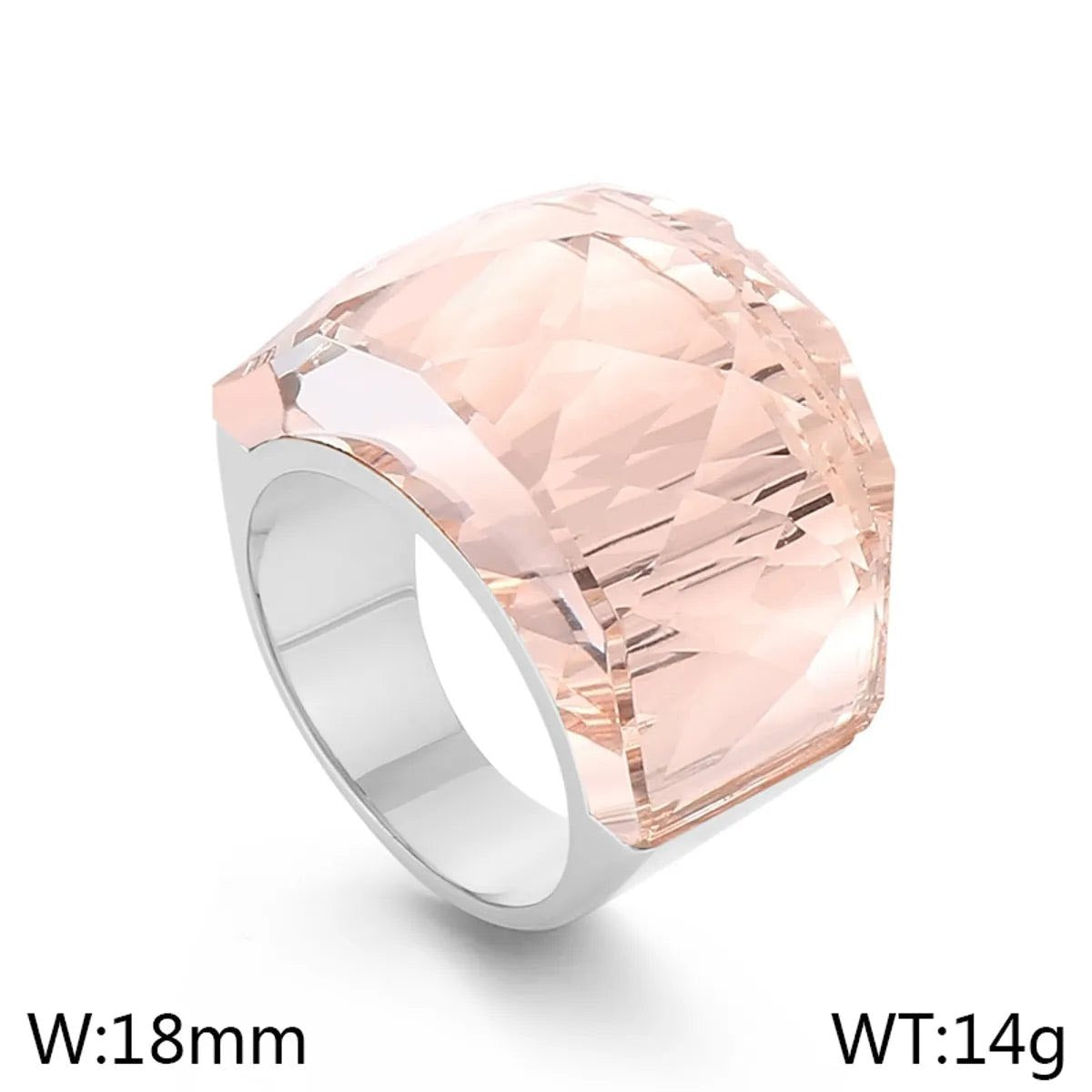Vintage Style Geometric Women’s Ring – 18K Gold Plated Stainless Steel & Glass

...

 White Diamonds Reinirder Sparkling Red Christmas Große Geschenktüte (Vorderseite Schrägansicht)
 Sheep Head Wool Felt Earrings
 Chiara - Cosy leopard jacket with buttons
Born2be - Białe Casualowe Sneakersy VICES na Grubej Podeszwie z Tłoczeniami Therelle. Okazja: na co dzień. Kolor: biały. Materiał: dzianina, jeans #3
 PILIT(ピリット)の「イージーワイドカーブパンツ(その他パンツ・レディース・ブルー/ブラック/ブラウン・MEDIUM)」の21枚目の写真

---

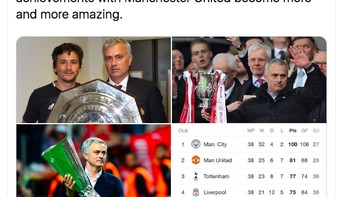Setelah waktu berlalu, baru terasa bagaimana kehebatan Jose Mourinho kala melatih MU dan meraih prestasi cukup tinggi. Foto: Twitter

* _REQUIRED WORK_
What is needed is a verbatim copy of every line in the records above from the one containing "Sheep Head Wool Felt Earrings" down to the one containing "PILIT(ピリット)の「イ", both included, and nothing more.

* _SOLUTION_
 Sheep Head Wool Felt Earrings
 Chiara - Cosy leopard jacket with buttons
Born2be - Białe Casualowe Sneakersy VICES na Grubej Podeszwie z Tłoczeniami Therelle. Okazja: na co dzień. Kolor: biały. Materiał: dzianina, jeans #3
 PILIT(ピリット)の「イージーワイドカーブパンツ(その他パンツ・レディース・ブルー/ブラック/ブラウン・MEDIUM)」の21枚目の写真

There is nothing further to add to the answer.